Which was why Allison had been the first person she had come out to, even before her own family. If her best friend couldn’t accept her, then she really didn’t have any idea what she was going to do.

But thank all the gods, Allison had. It had been their freshman year of high school. She had sat beside her, in this very room, as a matter of fact, as Shanaya had poured her heart out to her, explaining that she didn’t like men, at least sexually, and that she was attracted to women instead.

“Oh,” she had said, at the end of her impassioned speech. “I thought you might be.”

“You did? Then why didn’t you say anything?”

“Well, it wasn’t any of my business, was it?” Allison said reasonably. “But it wasn’t hard to notice. Every time there were a bunch of us around, talking about what guys at school were cute, or which movie star we thought was the best looking, you wouldn’t say a thing. But when a really hot woman was on television, like Valentina Belmonte or Brie Larson or Emma Watson, you perked right up.”
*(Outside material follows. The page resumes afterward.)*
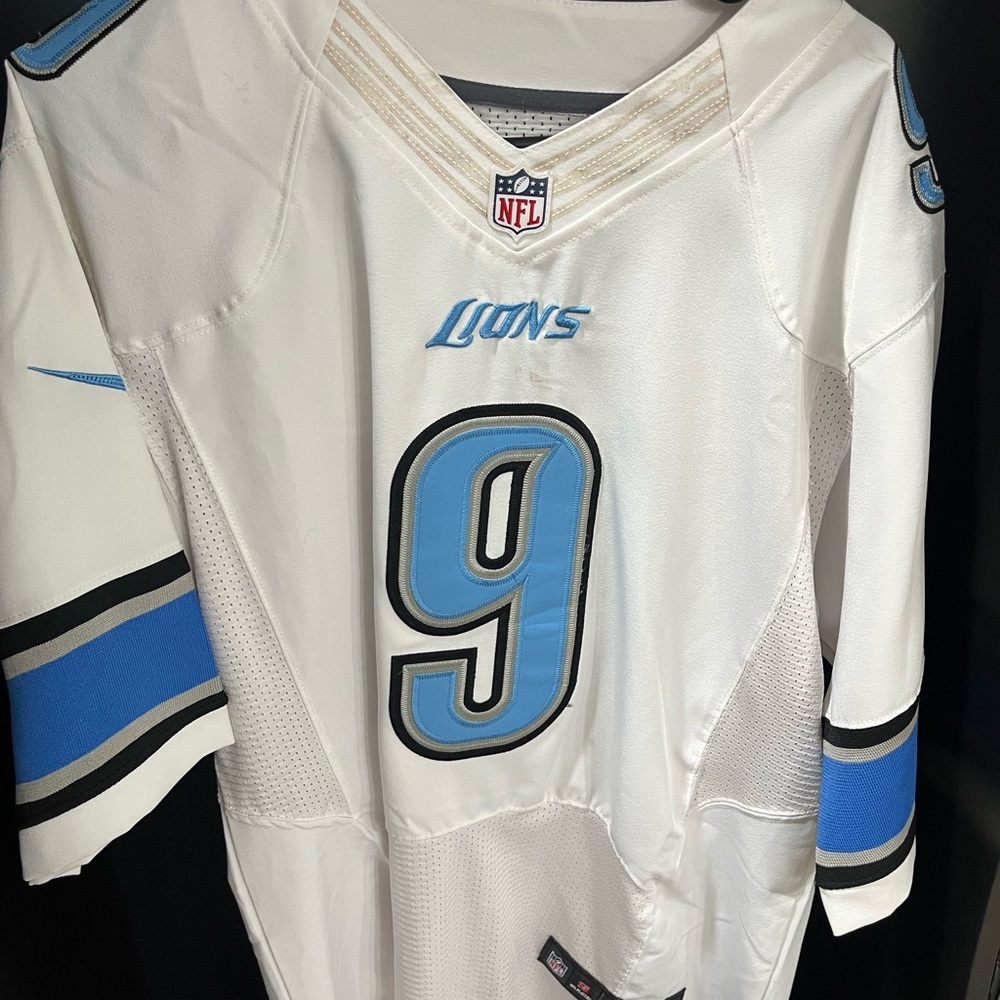 Detroit Lions Rare Peter Z. Jersey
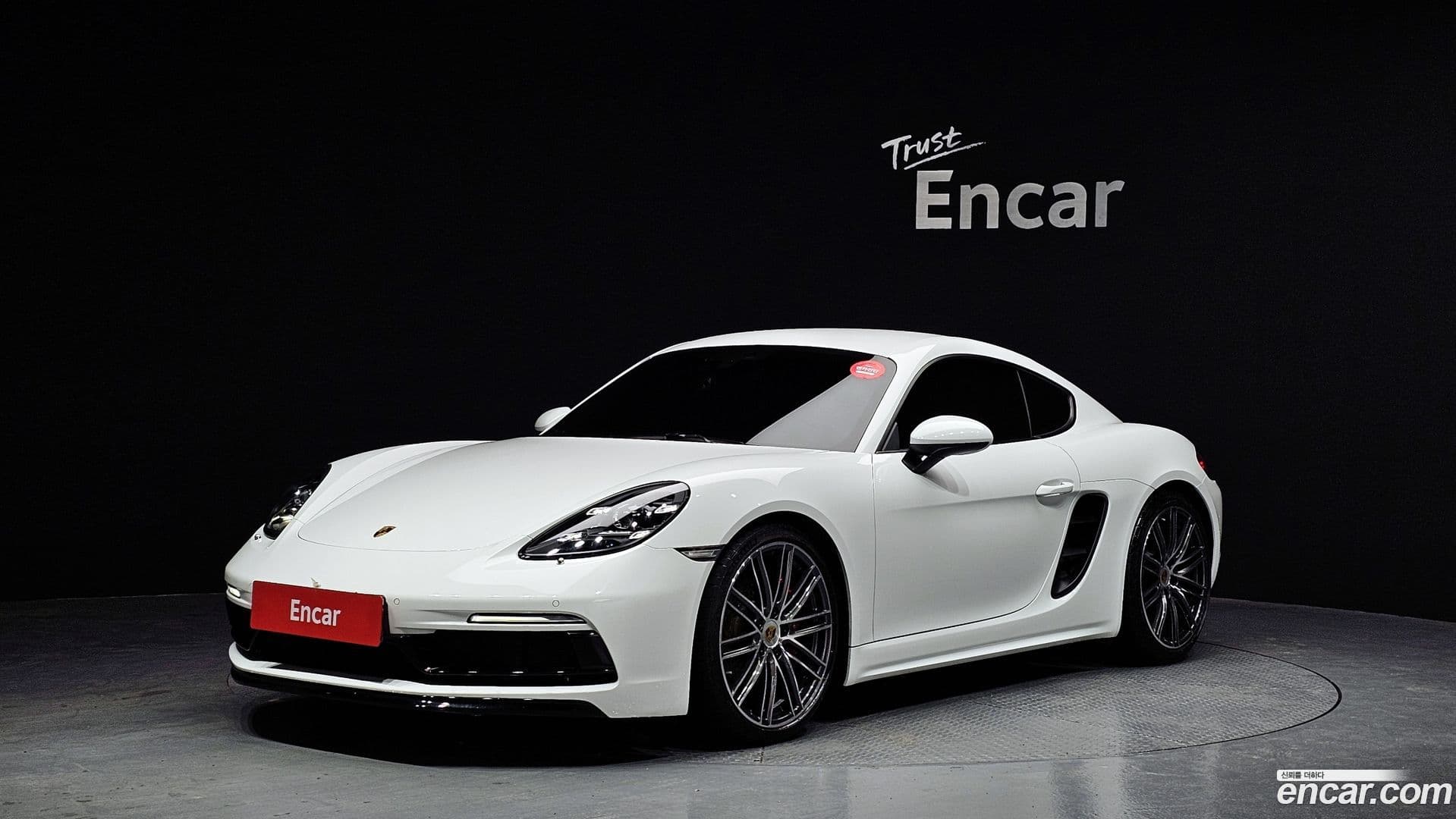 Main__Slider__Photo:718 Porsche 2020.11-0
“Oh.” She fidgeted with her hair, something that drove her mother to distraction. “So…we’re still friends, right?”

Allison blinked at her. “Why wouldn’t we be?”

“Well.” Blood flooded her face as she blushed. “Some people think…you know…gay guys and lesbians are, well, you know…gross.”

Allison tossed her head in her familiar gesture, the way she did whenever she thought someone else was being silly. “Well, I’m not about to go down and lick another girl’s coochie,” she said. “I like guys. And I can’t wait until I find I guy I like enough to let him do the nasty with me, no matter what those wrinkled old men at church say.” She ran her hands down her sides, where her body was already blossoming into a garden of rich curves. Shanaya looked away, knowing her hopeless desire would be as easy to read on her face as a come-to-Jesus highway billboard. “But I’m not going to tell you what you should do, or that you’re going to hell or anything dumb like that. You’re my best friend, Shannie. And you always will be. And no one is going to give you any crap, or they’ll hear about it from me.”

“Thank you,” she had whispered, as tears trickled down her face.

With the absentminded grace which she had been born with, Allison stripped off her plain white t-shirt. She put it aside, then paused, her hands behind her back. “The bra, too?”

“Let’s try to keep the temptations to a minimum,” she joked, though her mouth watered at the prospect of seeing her friend’s bare breasts. Two pathetic attempts to make Allison see her as a potential lover instead of a best friend were enough. The blond girl never seemed to make the connection that since Shanaya was a lesbian and obviously thought she was attractive, she might someday actually try to initiate a physical relationship.